There’s a weakness in public governance that needs fixing fast.
The first that caught my eye this week is to see in the NZHerald the mayor of Auckland was caught in a major traffic jam as he was trying to get to the airport, and the airport itself was in complete chaos at its domestic terminal.
The second is that Dunedin’s Aurora Energy has had a major grilling about thousands of dangerously rotting power poles.
To the first, there’s a growing catastrophe about managing the whole of Auckland’s transport and its overall growth specifically concerning tourism growth. Auckland Council wilfully refuses to use the power it has to coordinate it.
Auckland Council owns 25% of Auckland International Airport Ltd. It does not have a seat on that board. Instead it passively manages that investment through another entity, ACIL. Despite this shareholding, and its place within Auckland, its development plan fails to even mention the Unitary Plan.
And it’s not as if its plans weren’t publicised. They bought out the cover the NZHerald for it, as well as going nationwide.
The Mayor could disband the useless ACIL, get the appropriate number of board members on it, and use that real voting power around the table to require the integration of Auckland Airport’s development plans with Auckland Transport, and Council’s development arm Panuku, and indeed other agencies like NZTA, Kiwirail, indeed any other agency. As Hobsonville’s redevelopment shows, it doesn’t have to be this way.
Auckland Airport instead simply uses its legal status as a state within a state to grow exactly the way it wants and to its own speed. That is a sustained failure of governance that should and can be fixed right now. Auckland Council’s response was to ‘form a taskforce’.
In the second instance, a Mr Richard Healey of Dunedin, longstanding Delta/Aurora employee went on television stating that thousands of Dunedin-area power poles were in such poor condition that lives and property were at major risk.
Delta and Aurora ducked for cover fast. But Mr Healey was persistent. WorkSafe got involved. E Tu got involved. Over November this year the pressure on the shareholder Council grew. Deloittes did a damaging review of its asset management, which was tabled at Council recently.
Today in the ODT, resigning longstanding board member Stuart McLaughlan blamed it back on the Council that had needed funds for many years to fund the stadium.
Gotta love how much use his fees were then if he was that effective with his own shareholder.
Between the Council and the company is Dunedin City Holdings Ltd. They have delivered as much value to Dunedin City Council in this matter as ACIL has to Auckland Council.
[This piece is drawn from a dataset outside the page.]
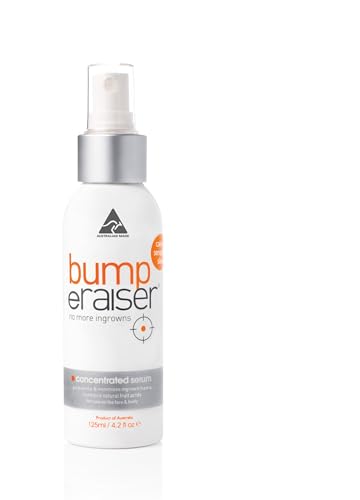 Prevent Ingrown Hairs Post-Waxing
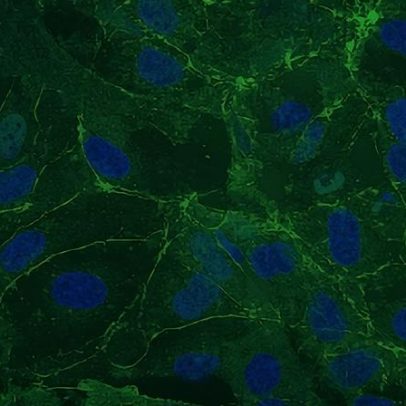 Genética revela causa de vasos cerebrais permeáveis na síndrome de Rett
Now, we won’t see the rollback of the entire 1989 local government reforms that installed this kind of rent-seeking governance behaviour, nor the Bradford electricity network reforms. But there’s far too much ineffective governance, not enough bold and direct democratic accountability, and not enough coherence across the public sphere.
The results in Dunedin and Auckland of weak democratic oversight and an absence of wisdom in running the whole of a city is stark. This stuff is gradual and not very sexy and hard to change, but when it goes wrong, it goes almighty wrong and affects tens of thousands of people immediately. Our cities need to govern wisely and act with strength.